WHAT TO PRODUCE
Could you print the stretch of lines below from the one with "Little Sloth" through the one with "안길원님의 자유주제 · 자유게시판 작성글 사진", exactly as they stand and without any pictures?

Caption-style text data
==================================================

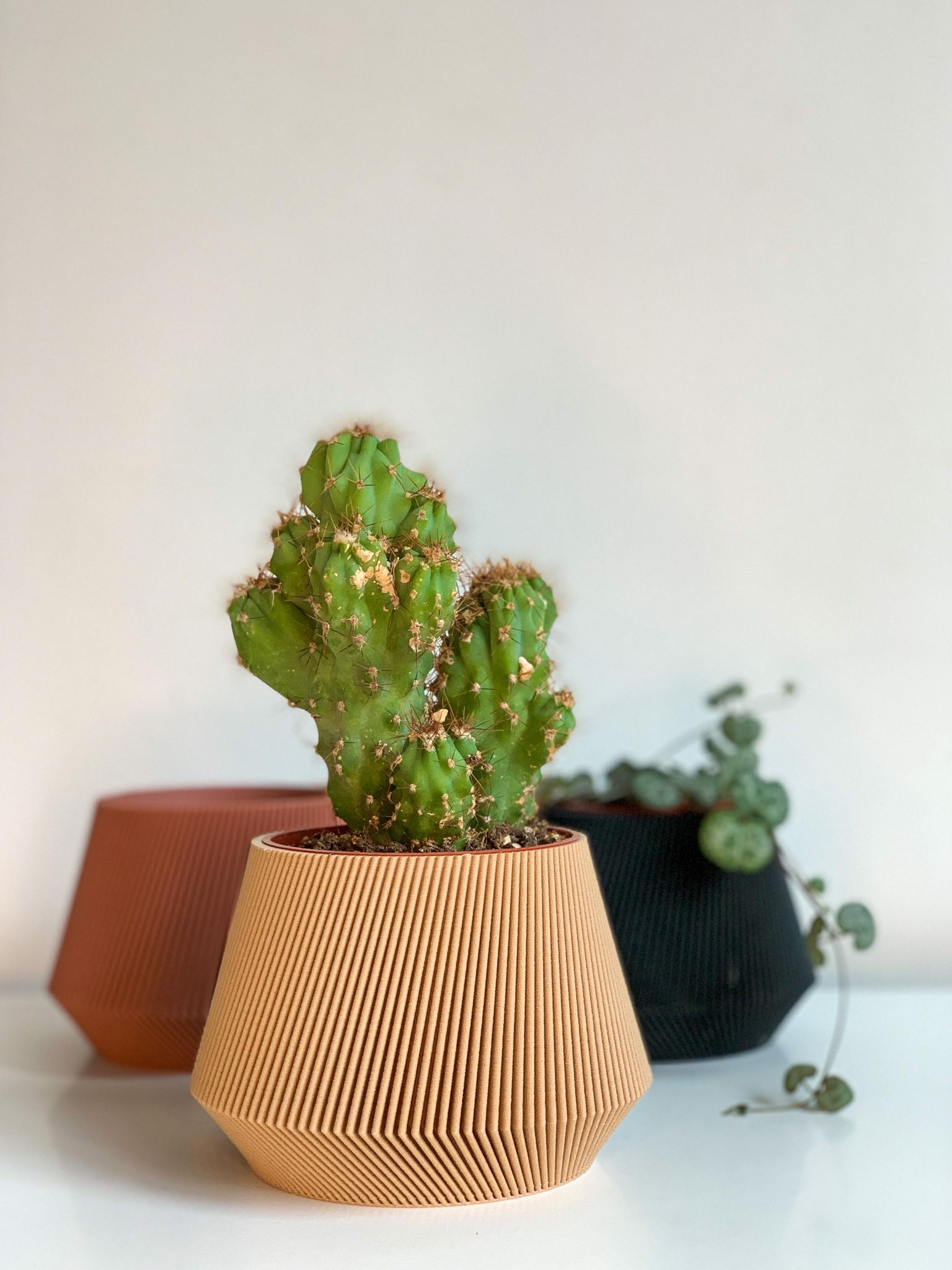 Cache pot 'Le Joli' - Alma Plantes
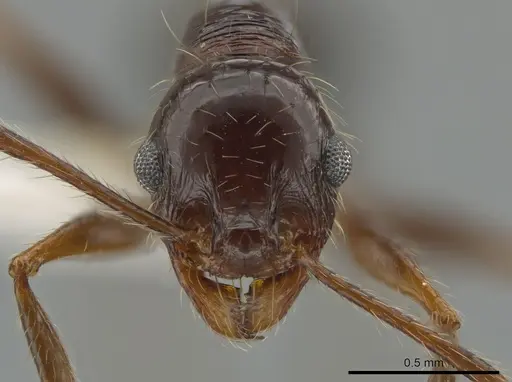 Pheidole fallax specimen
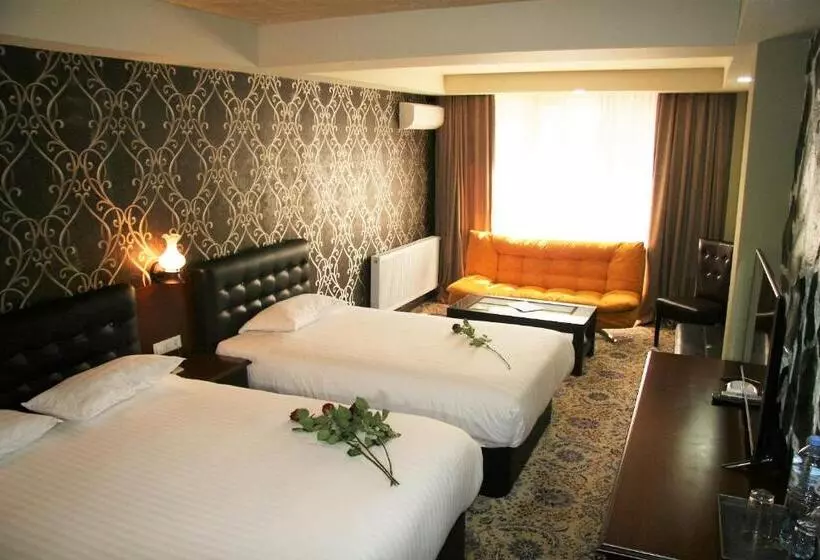 اتاق کلاسیک سه تخته, Borjomi Palace Health & Spa Center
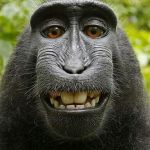 monkey selfie | SAY CHEESE | image tagged in monkey selfie | made w/ Imgflip meme maker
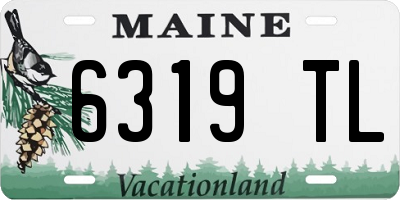 ME license plate 6319TL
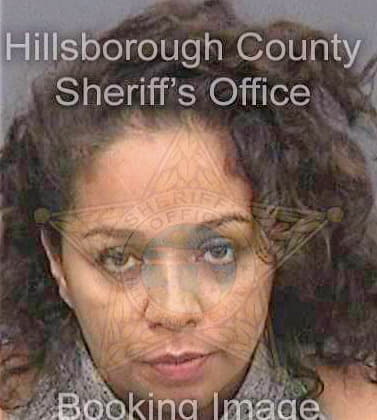 Silva Sol - Hillsborough County, FL 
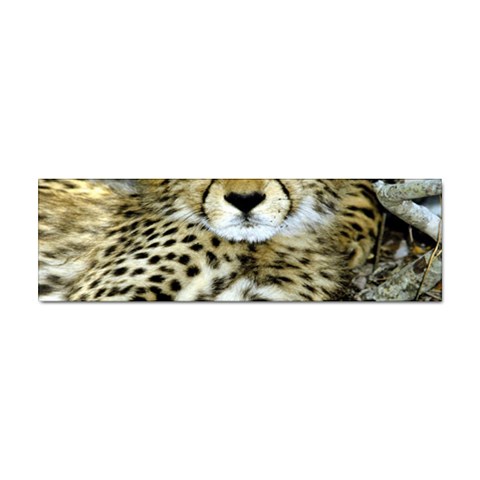 Cheetah Sticker (Bumper) from UrbanLoad.com Front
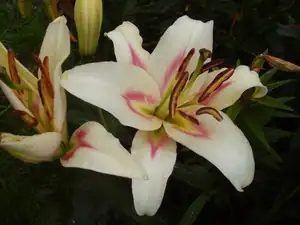 Maariee — 12. července 2012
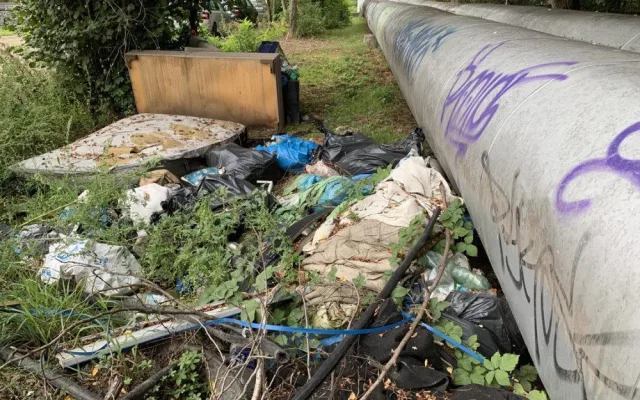 Podívejte se, jaké materiály převládaly na zlikvidované černé skládce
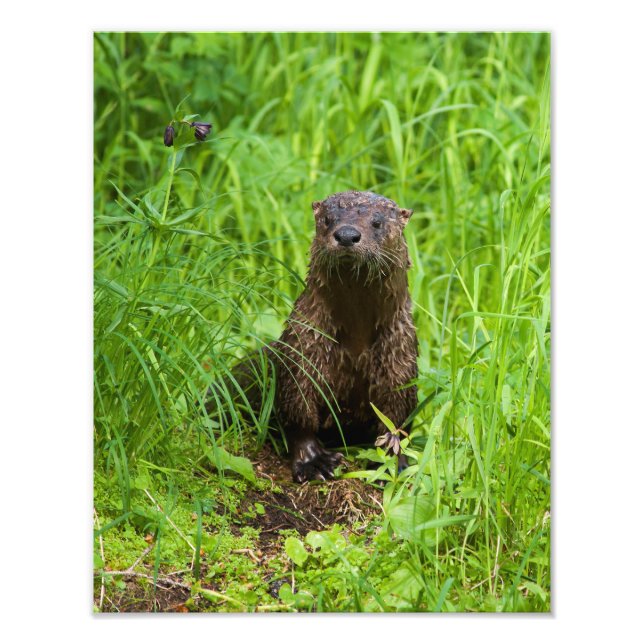 Impression Photo Otter (Devant)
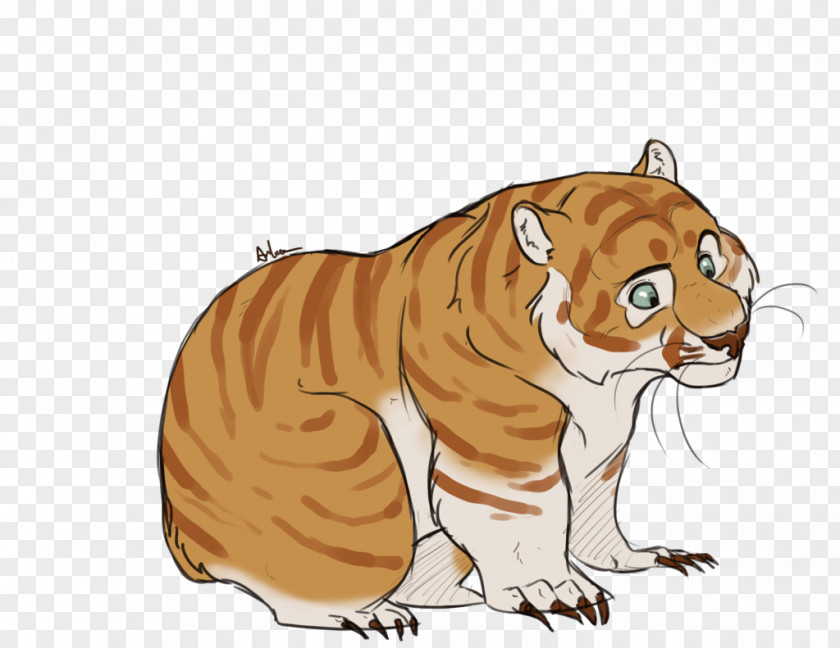 Tiger Lion Whiskers Cat PNG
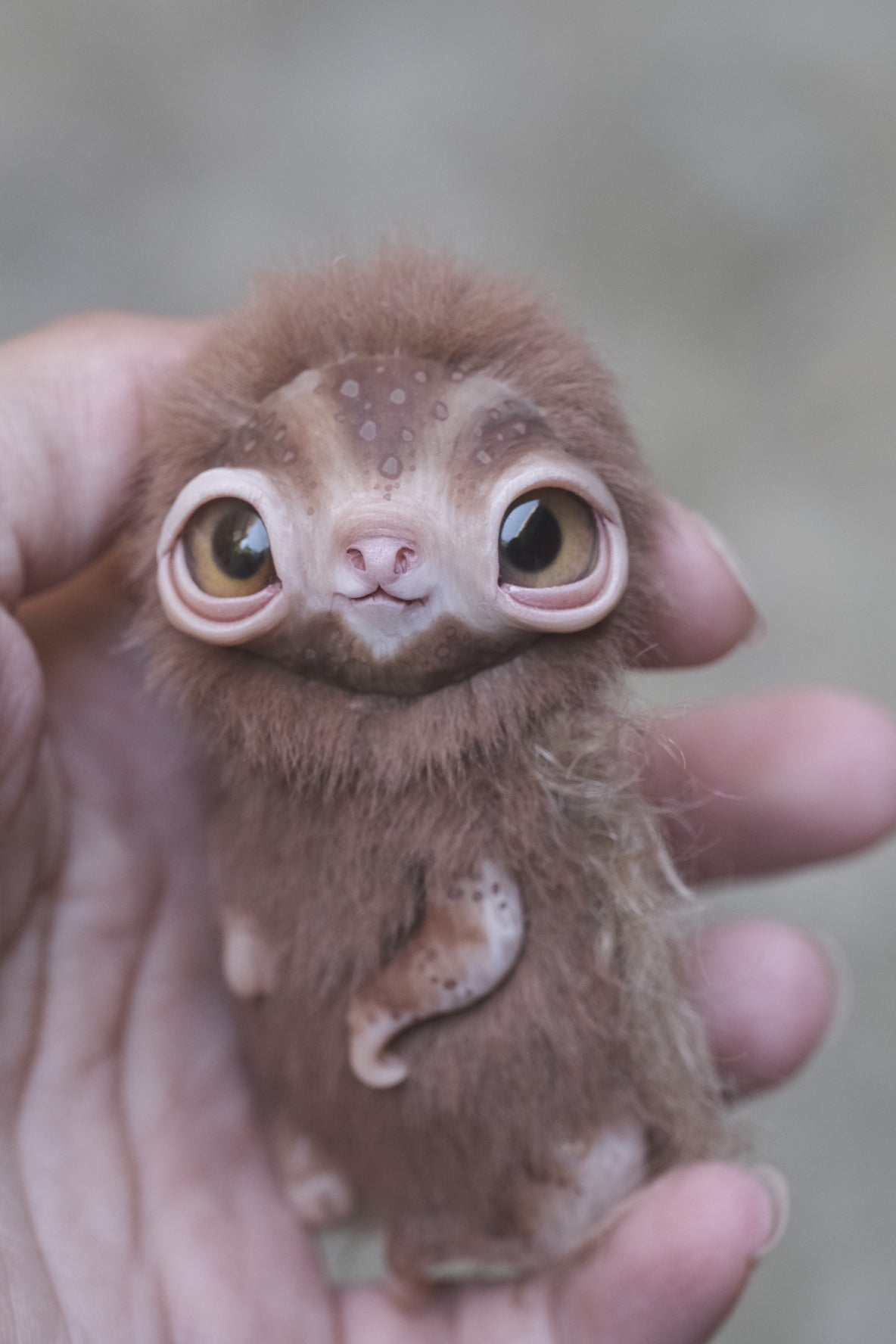Little Sloth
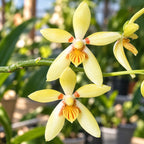 Phalaenopsis cochlearis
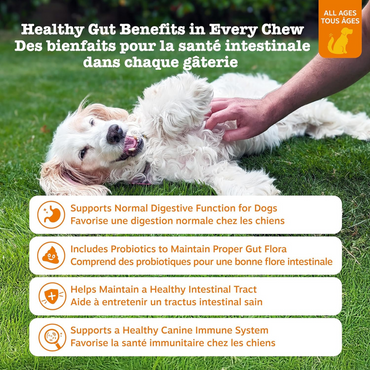 Zesty Paws Probiotics for Dogs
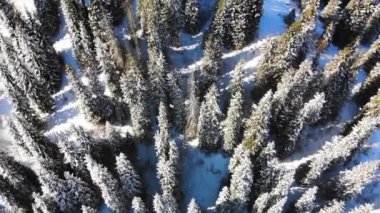 Winter views of the mountains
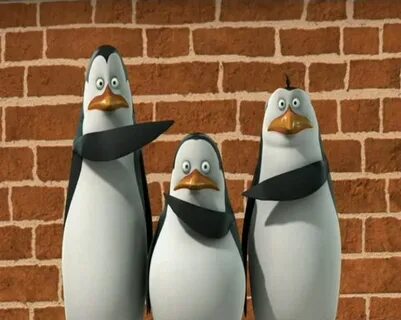 Conversation in POM Quotes. - Penguins of Madagascar - Fanpo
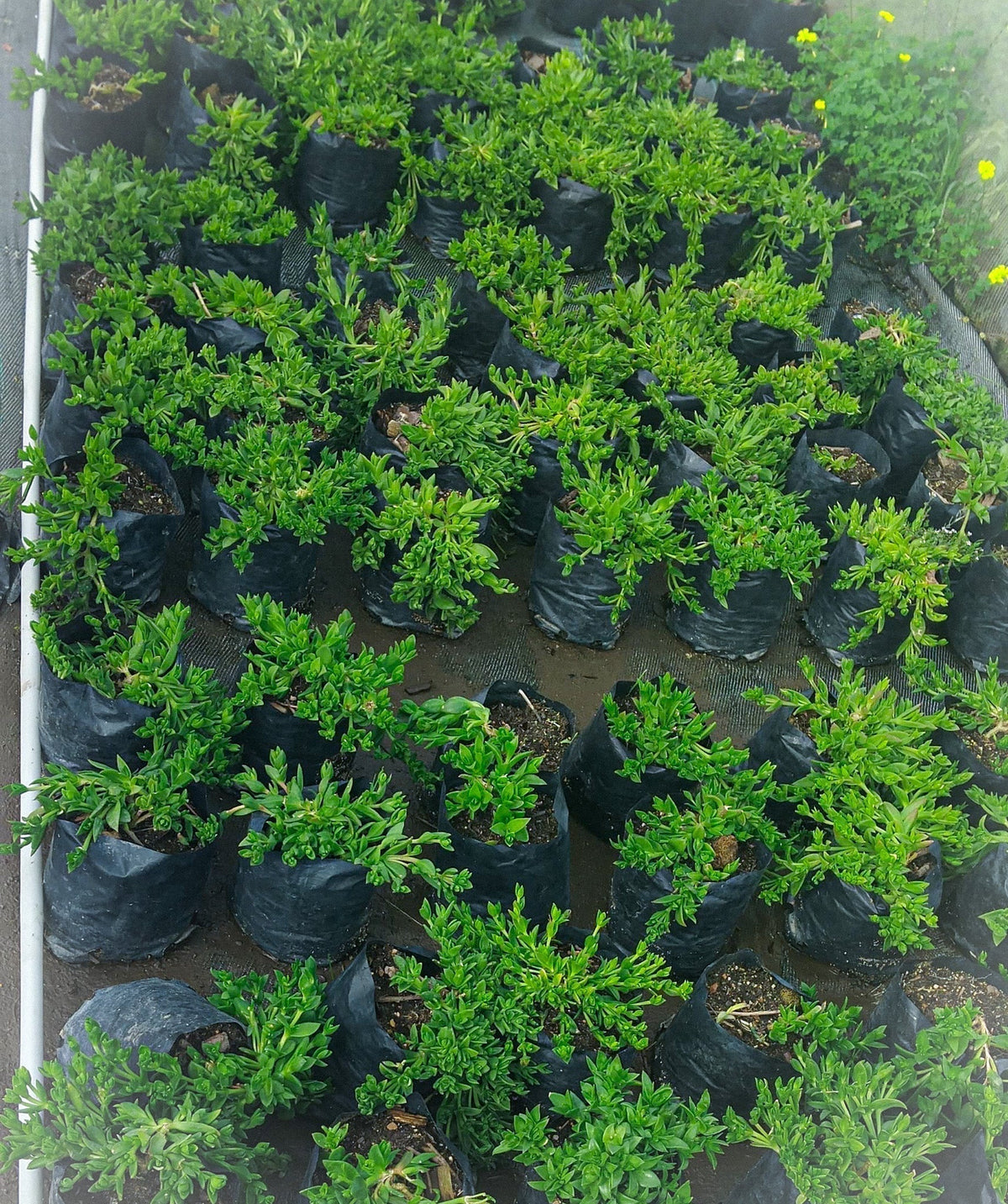 kanna plants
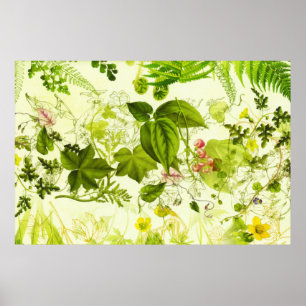 Vintage Grey botaniska blommor Vattenfärg Poster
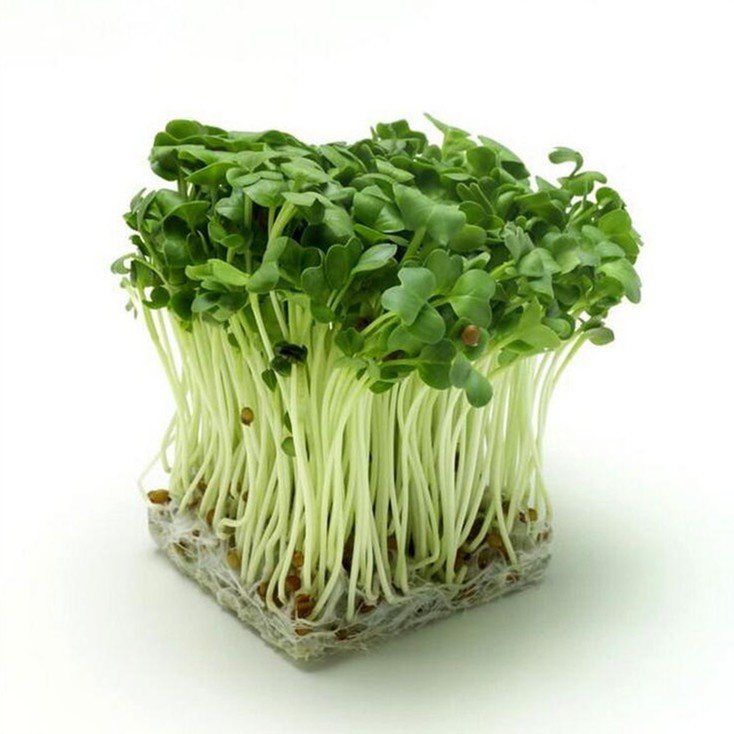 Benih Seribuan - 40 Bibit Microgreen Green Radish Sprout Organik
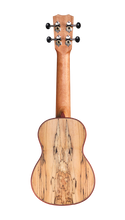 Load image into Gallery viewer, Cordoba Spruce/Spalted Maple Soprano Ukulele 24S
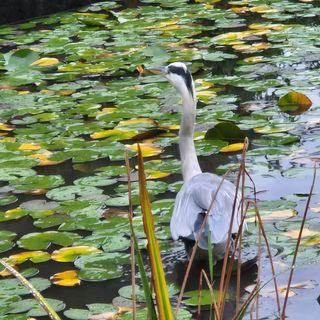 안길원님의 자유주제 · 자유게시판 작성글 사진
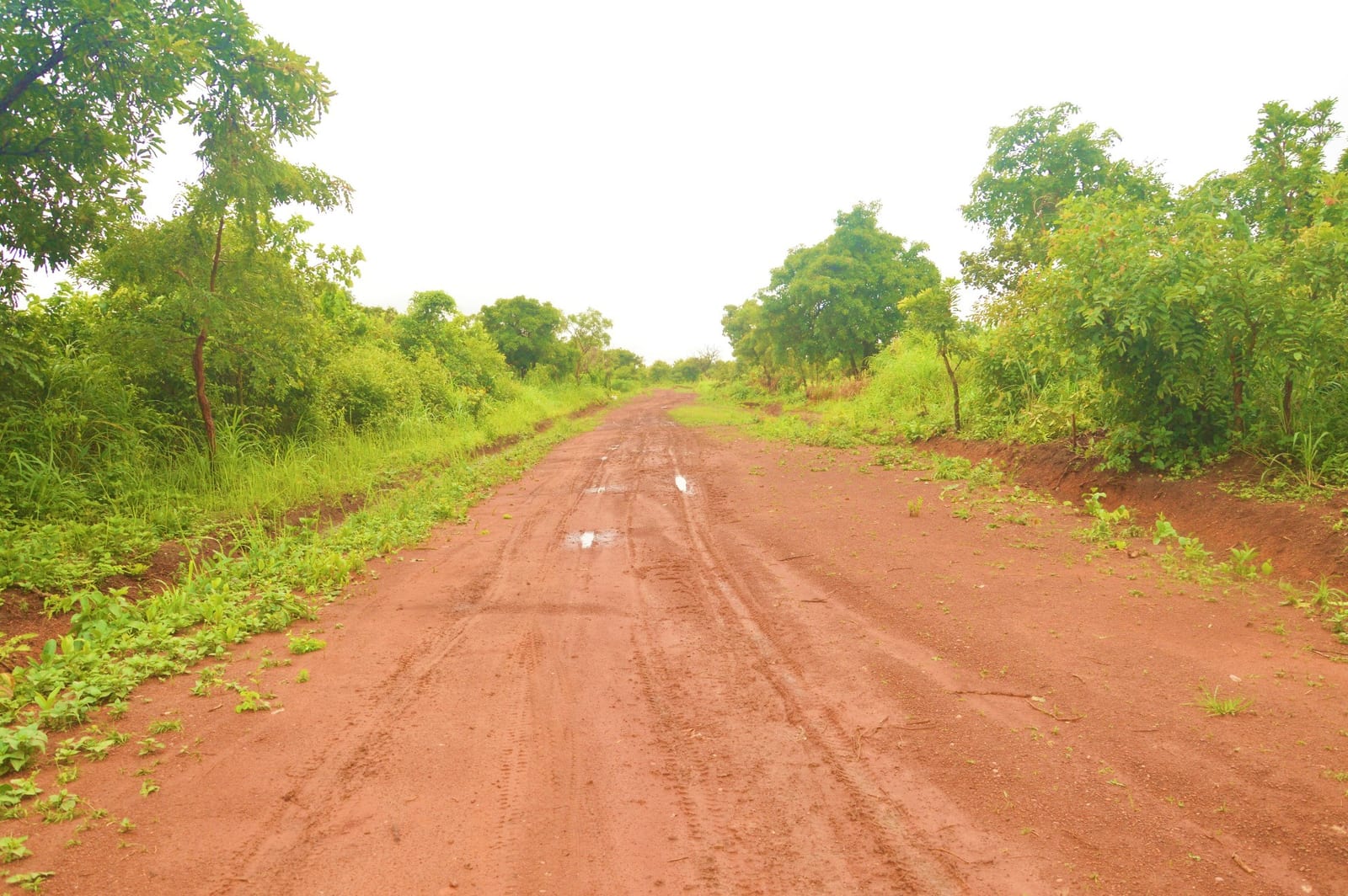 Ghana Productive Safety Net Project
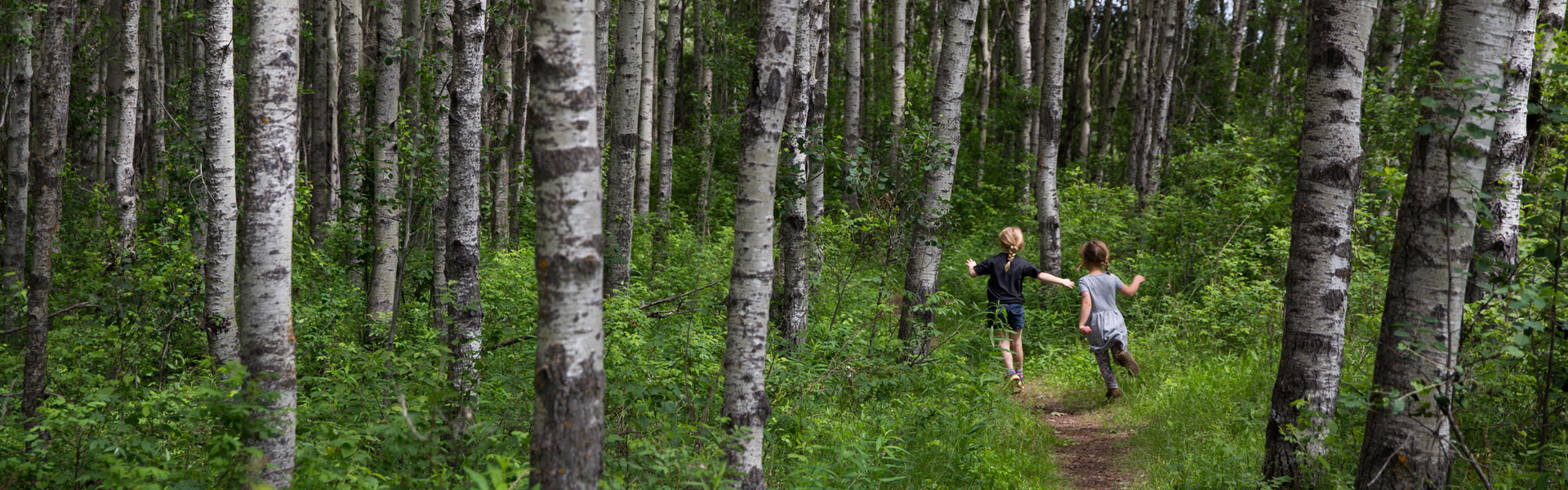 Alberta Parks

==================================================

SOLUTION TO THIS PROBLEM
Little Sloth
 Phalaenopsis cochlearis
 Zesty Paws Probiotics for Dogs
 Winter views of the mountains
 Conversation in POM Quotes. - Penguins of Madagascar - Fanpo
 kanna plants
 Vintage Grey botaniska blommor Vattenfärg Poster
 Benih Seribuan - 40 Bibit Microgreen Green Radish Sprout Organik
 Load image into Gallery viewer, Cordoba Spruce/Spalted Maple Soprano Ukulele 24S
 안길원님의 자유주제 · 자유게시판 작성글 사진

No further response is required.